Thousands of people gathered inside Rouen Cathedral on Tuesday (2 August) for the funeral of Father Jacques Hamel, a priest who was killed while leading morning mass in the nearby town of Saint-Etienne-du-Rouvray by two French citizens chanting in Arabic. The attackers, later named as Adel Kermiche and Abdel Malik Petitjean, were shot dead by police at the scene.

Held at a 13th-century Gothic church in northern France, the service heard from Hamel's sister Roselyne, who told the congregation how, during his military service, her brother had refused an officer's rank so he wouldn't have to give the order to kill. She went on to say how he was once the only survivor of a desert shootout.

"He would often ask himself: 'Why me?' Today, Jacques, our brother, your brother, you have your answer. Our God of love and mercy chose you to be at the service of others," she said. A picture of Hamel was placed by the altar and people who had come to pay their respects watched the service on a giant television screen outside.
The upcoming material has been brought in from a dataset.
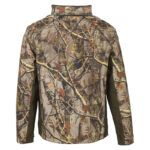 softshell ghost real tree hunting jacket κωδ. perc 15128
Hamel's murder was the first Islamist attack on a church in western Europe. It came just 12 days after a Tunisian man who had pledged allegiance to the Islamic State drove his truck through a crowd of people during Bastille Day celebrations in the Riviera city of Nice, killing 84. Islamist militants have killed more than 200 people in France since January 2015.
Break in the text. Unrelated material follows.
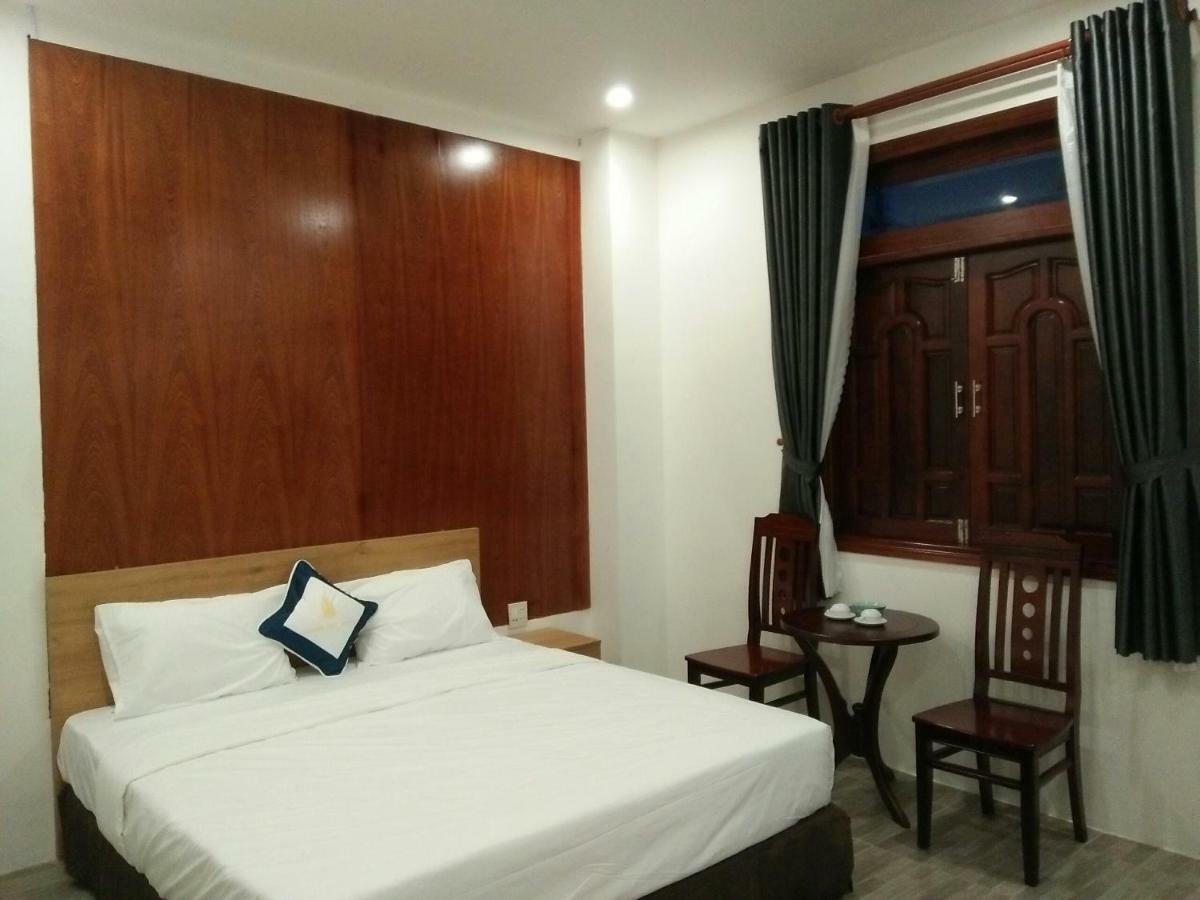 Thanh Truc Hotel Cà Mau Buitenkant foto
Since the 1980s, successive governments have tried to nurture a liberal Islam that would better integrate the faith into French society. French Prime Minister Manuel Valls said the state must reinvent its relationship with the 'Islam of France'. Valls wants to ban foreign funding for mosques and says all French imams should be trained in France. "We must guard against being paternalistic but we must have the lucidity to recognise that there is an urgency to helping 'Islam of France' get rid of those that undermine it from within," Valls told the weekly Journal du Dimanche.

But some Islamic leaders have expressed doubts over the government's plans. "It's on the internet that radicalisation takes place, not in the mosques," Moroccan-born Tareq Oubrou, a leading moderate imam from Bordeaux, told BFM TV. "We mustn't kid ourselves." France has the largest Muslim minority in the European Union, comprising roughly 8% of the population.